A PILGRIMAGE TO INDIA
Varanasi
VARANASI
Varanasi (Benares) is chaotic. Its labyrinth of narrow lanes and alleys are stuffed full with cows, goats, bikes, carts, people and gold clad corpses being carried on stretchers past fly covered food counters. Apart from the occasional belching moped that forced its way through the jammed passageways the scene we walked through to our lodgings at Sinhia Ghat had not changed for thousands of years. Mark Twain described it perfectly when he said: “"Benares is older than history, older than tradition, older even than legend and looks twice as old as all of them put together.”
As my sandals hit another patch of lung-numbing effluent I observed that if I fancied getting really, really sick then this place had everything you could hope for. The last time Steve and Debbie had stayed in Varanasi they were flat out in bed for two weeks.
But of course once you see beyond the litter, dangerously built buildings, wall to wall cow pats and grime, Varanasi reveals another extraordinary world. This is the world of Benares, the holy city that is to the Hindus what Jerusalem is to Christians. Varanasi is the city of Lord Shiva, the capital of spiritual knowledge, the city of light.
The beauty of Varanasi revealed itself at dawn as we practiced our yoga on the flat roof of the guest house. The early morning light revealed the opposite bank of the Ganges illuminating in soft tones of purple and orange the flood planes and distant outline of trees. Closer to us we could see, as we stretched into our postures, sunken temples in the mud and the last whiff of wood fuelled cremations. To our left the cows were being milked while all around ash faced sadhus and beggars emerged from their slumbers. |

As we moved into the somewhat vulnerable full reclining hero pose, a group of monkeys scrambled towards us over the roof tops and washing lines. Three big ones jumped up onto the veranda railings and looked down at me laid flat on the floor with my ankles by my waist and my crouch pointing at them in the come-and-hurt-me position. Fortunately they scrutinized us for a while, decided we had no food, looked at us with perplexed distain and eventually left us alone.

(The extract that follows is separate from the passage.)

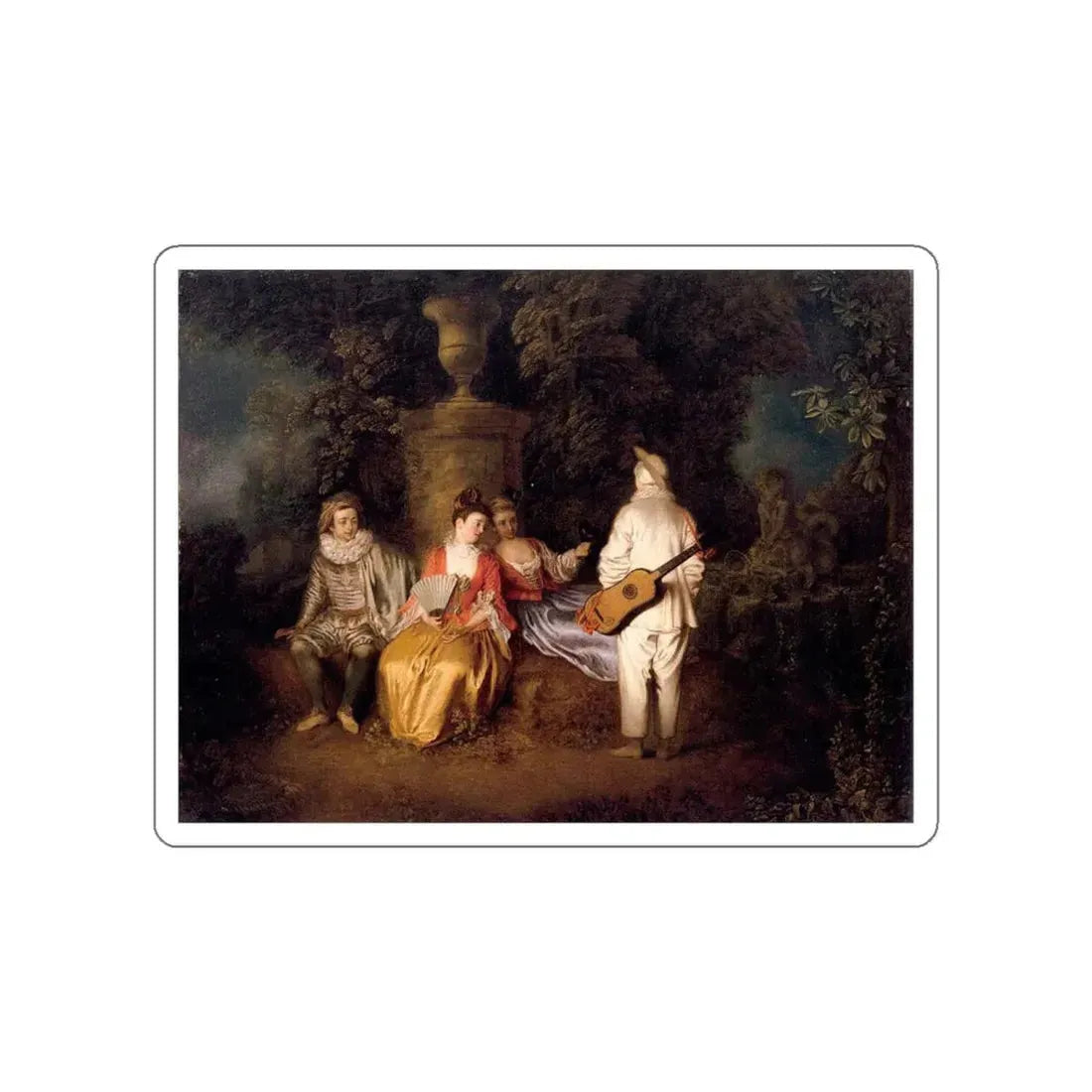 WATTEAU, Jean-Antoine - 9 (Artwork) STICKER Vinyl Die-Cut Decal White Die-Cut 6 Inch - The Sticker Space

By day you can sit by the waterside on the ghats and India will come to you. It unfolds in a surreal pageant of orange clad holy men, children selling postcards and chai, women carrying enormous loads on their head. I watched a man push bike laden with fifteen Calor gas bottles, street masseurs and hairdressers touting for business, others were sleeping on the floor, urinating on the pavement or bathing in the soup of the Ganges. But it is at night that this place is most fascinating for transforms into and an unfamiliar and eerie world soaked in death.